**Task description:** Transcribe the data exactly. Pictures stay out.

**Information provided:**
BEGIN
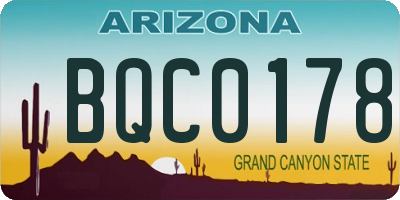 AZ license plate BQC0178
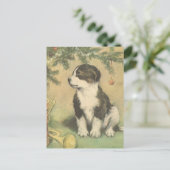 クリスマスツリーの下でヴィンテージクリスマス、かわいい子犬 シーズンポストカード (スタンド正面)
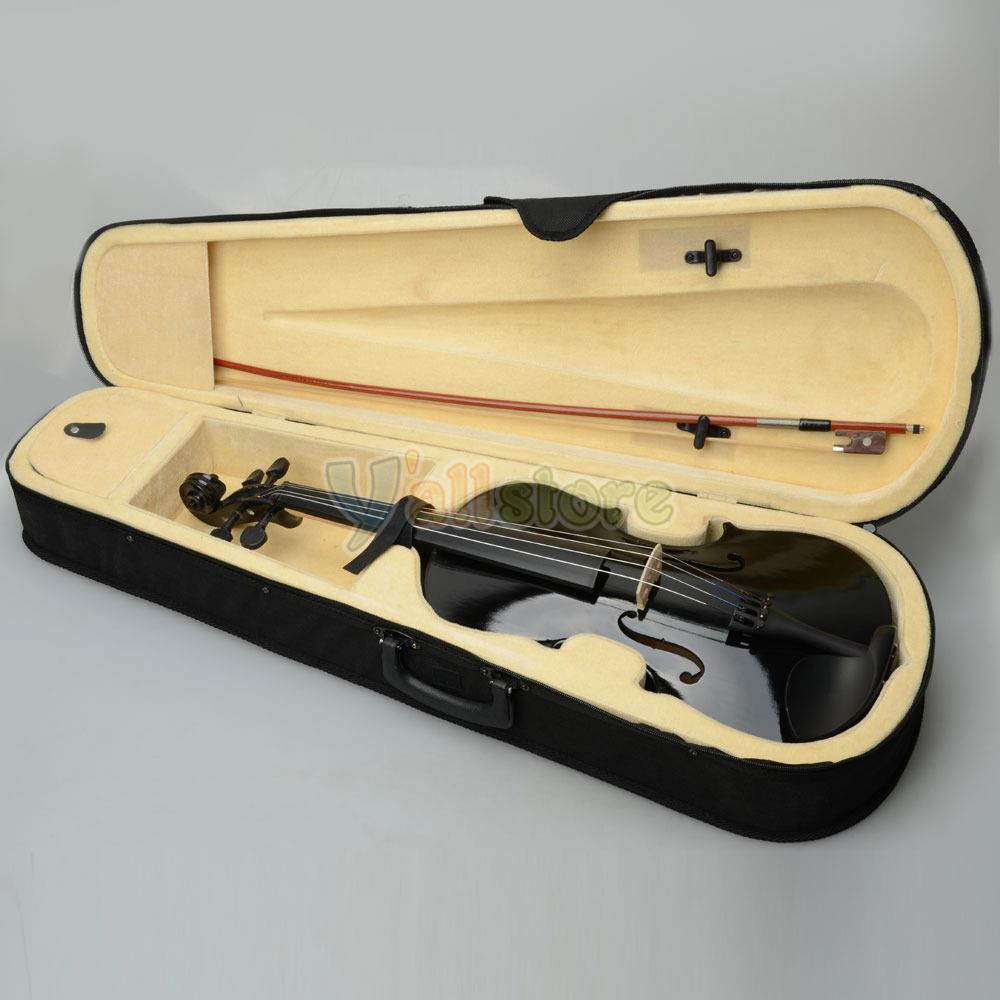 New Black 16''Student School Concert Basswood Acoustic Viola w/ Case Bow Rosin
END
**Response to this task:**
 AZ license plate BQC0178
 クリスマスツリーの下でヴィンテージクリスマス、かわいい子犬 シーズンポストカード (スタンド正面)
 New Black 16''Student School Concert Basswood Acoustic Viola w/ Case Bow Rosin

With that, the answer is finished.